I was mostly into analog, instrumentation, and switching power supplies. Hard core digital and RF is a whole different ballgame.  EMC compliance is another aspect that adds to the fun too.

RE: Ridiculously easy opamp circuit not working

I hand build the first two SMT protos myself as there is always some little detail to find anyway.  Like messed up foot  prints or poor pad layouts or through-hole diameters/pads not quite right.  If someone one else does these you may never find out about it or worse on the first rushed batch of 250 pieces someone comes up and taps you on the shoulder.. banghead

The other thing is there is always some mechanical issue like connector placement or board holes that you would like to improve and if I use a thru-hole proto you miss this opportunity up front.

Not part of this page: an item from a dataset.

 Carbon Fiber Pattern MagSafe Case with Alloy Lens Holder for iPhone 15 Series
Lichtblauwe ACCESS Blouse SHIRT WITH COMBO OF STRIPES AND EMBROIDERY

Lastly half the parts I need don't come in thru-hole these days.

RE: Ridiculously easy opamp circuit not working

itsmoked,

I agree with you!  I too always build the first prototypes by hand.  You are right about there always being something you want to change, even if it is component designator in the silkscreen that is ambiguous.  Depending on the complexity of the board it only takes about a day or two to completely populate it.  I do stay away from BGA packages, though, since I don't have the equipment to do those properly.  I guess I just consider myself lucky to have talked the boss into my Pace MBT250 and a Meiji stereo microscope smile though there are times I wish I had a hot air tool that would insert and remove those types of parts sadeyes.

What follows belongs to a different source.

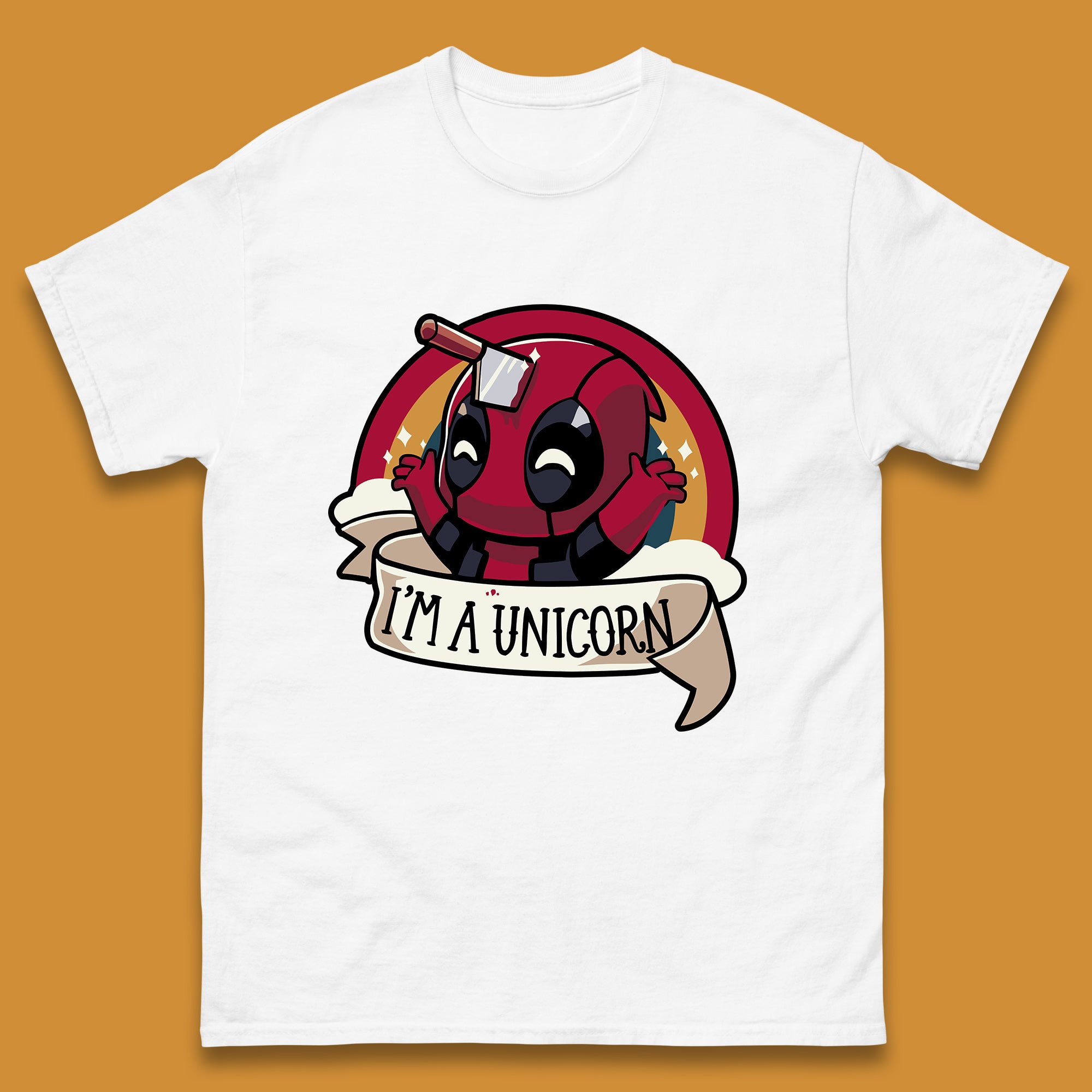 I m A Unicorn Funny Deadpool Rainbow Colors Marvel Avengers Superhero Fictional Character Mens Tee Top 2XL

RE: Ridiculously easy opamp circuit not working

Hi Noway2;

I designed a full featured PID controller that had to be two boards to keep it the size of a large postage stamp.  I would blow the layout up to 4X to examine it and that was even small!  Then I had to hand build 30 of them, sticking 88 parts on each.  It has four, 20 pin connectors with 12mil leads and 8mil spacing... bomb  They are true misery to solder, taking 20 minutes a connector!  I finally had to get a stereo microscope too.  Boy is it a joy to use!

I have a hot air pen.. They aren't all that great.  I used it about 10 times but was never happy with the results.

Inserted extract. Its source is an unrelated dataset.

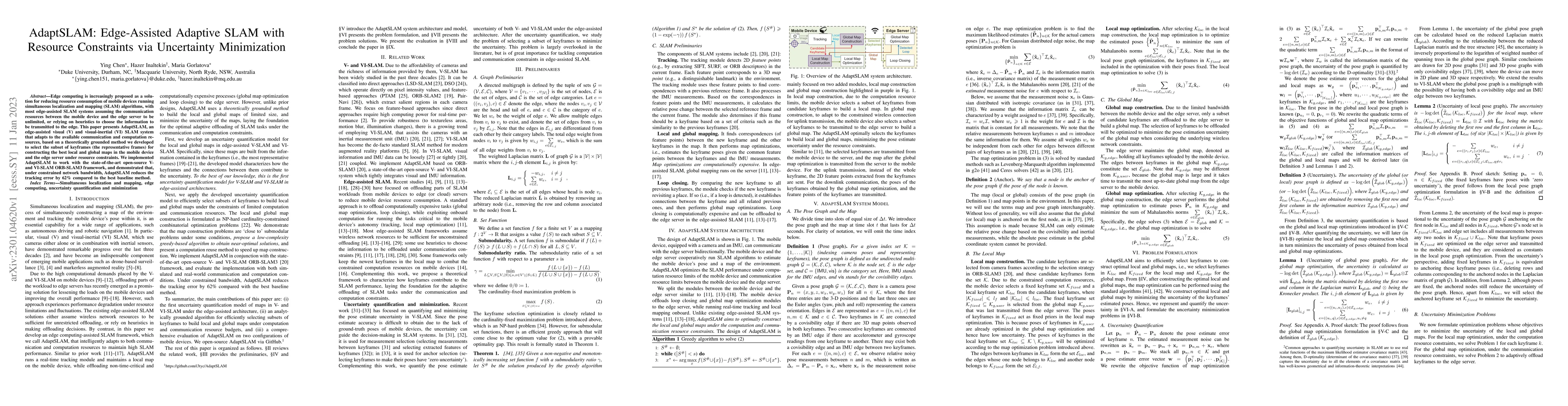 Thumbnail for AdaptSLAM: Edge-Assisted Adaptive SLAM with Resource Constraints via
  Uncertainty Minimization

RE: Ridiculously easy opamp circuit not working

I know people who swear by the hot air tools, but I personally prefer the conductive (iron) methods.  I might could mention that the person I know who swears by it the most also uses break cleaner to remove the flux banghead but thats another story.  

I find that with an iron I can go a lot quicker and don't have nearly as much problem getting the parts to align or bridging issues.  Part of my problem is that the air tool tends to blow the small parts off the board or out of alignment if I don't hold it just right, though this means that I could be using too much air volume.

With the iron, I have soldered as small as an 0201, thankfully though I never had to use one in a design,  I find that for myself, the "dry tack" method works best.  I have the most trouble with SOT-23 transistors where one of the leads connects to a ground plane.  A nice IR pre heater would solve that problem, but that is more $$.

RE: Ridiculously easy opamp circuit not working

0201 Ugh! I've never been victimized by that..  lol

I use a small Weller Pen set to 730F with the longest skinniest tip with the last 50mil bent 30degrees. This bend happened slowly by itself and I started finding that it was a great advantage!!  So I have always kept it.  I have no problem soldering (an smt pin) to a ground plane with it.  On the other hand I generally design with planes and so always run a short trace to a via which makes the plane connection which thermally disconnects the pin from the plane.

My problem is always blowing the 3-pin SOT-23 footprints.. The board I just laid out I got both wrong. cry  I had to pull them both and rotate them 120 degrees (got lucky?).

RE: Ridiculously easy opamp circuit not working

You reminded me of my "winner" with an SOT-23 package.  I was designing a board that used a FET and I remembered from school that we were taught that the Drain and Source are interchangeable, in comparison to the collector - emitter.  Well thats all good and well, until the you realize that you turn the device on by bring Vgs above the threshold and you are attempting to control Vgd and the Source pin is floating curse.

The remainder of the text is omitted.